Democrat or Republican? If as a Galvestonian you’re a proud member of either of the two “major” parties, you should study U.S. history before you get too carried away attacking the other party’s preferences. The political ideals we celebrate every year in July haven’t always been, we all admit, ideas we agree on or ideals that we’ve reached.
Blind arrogance, fear, anger and changing or distorted views have never allowed things to settle down.
Examples: Democrats, be careful about what you say about Republicans, since it was past prominent Democrats who said:
• “Our slaves are Black, of another and inferior race. The status in which we’ve placed them is an elevation. They’re elevated from the condition in which God first created them, by being made our slaves.” — James Henry Hammond, Governor and U.S. Senator, South Carolina, in 1858 on the floor of the Senate.
• “White Supremacy, Honest Elections and the New Constitution, One and Inseparable” — the slogan on mail distributed by the Alabama Democratic State Campaign Committee, fall 1901.
• “I hope not. I don’t believe in it. The Lord created it that way. You read your Bible and you’ll find out.” — Harry Truman, when asked in 1963 if he thought integration would lead to interracial marriage.
• “... the mingling of Asiatic blood with European or American blood produces, in nine cases out of ten, the most unfortunate results.” — Franklin Delano Roosevelt, newspaper column, 1925.
Republicans, your turn — past major Republican leaders said:
• “Labor is the superior of capital, and deserves much the higher consideration.” — Abraham Lincoln, as president, 1861.
• “The divorce between church and state should be absolute.” — James Garfield, 1874.
• “I would suggest the taxation of all property equally, whether church or corporation.” — Ulysses Grant, as president, 1875.
• “The real difficulty is with the vast wealth and power in the hands of the few and the unscrupulous who represent or control capital.” — No, no, not Bernie Sanders, but President Rutherford B. Hayes, 1888.

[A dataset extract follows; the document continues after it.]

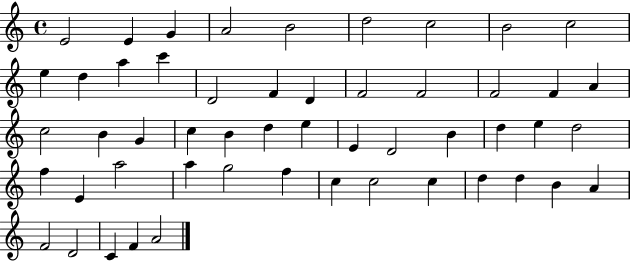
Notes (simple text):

E4/h E4/q G4/q A4/h B4/h D5/h C5/h B4/h C5/h E5/q D5/q A5/q C6/q D4/h F4/q D4/q F4/h F4/h F4/h F4/q A4/q C5/h B4/q G4/q C5/q B4/q D5/q E5/q E4/q D4/h B4/q D5/q E5/q D5/h F5/q E4/q A5/h A5/q G5/h F5/q C5/q C5/h C5/q D5/q D5/q B4/q A4/q F4/h D4/h C4/q F4/q A4/h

And, before we even had political parties, George Washington declared something any Democrat or Republican should — but maybe wouldn’t — be proud to say. In 1784, he told his foreman about hiring workers, “If they are good workmen, they may be of Asia, Africa, or Europe. They may be Muslims, Jews, or Christians of any sect, or they may be atheists.”
Party affiliation isn’t meaningless nor always atypical and hypocritical, but, as with other political labels, the situation and history matters. And it’s not just that we all need to be aware of oversimplification regarding parties. Historical and political complexity requires thoughtful, careful, nuanced consideration of ideas more generally, too.
Happy Fourth of July.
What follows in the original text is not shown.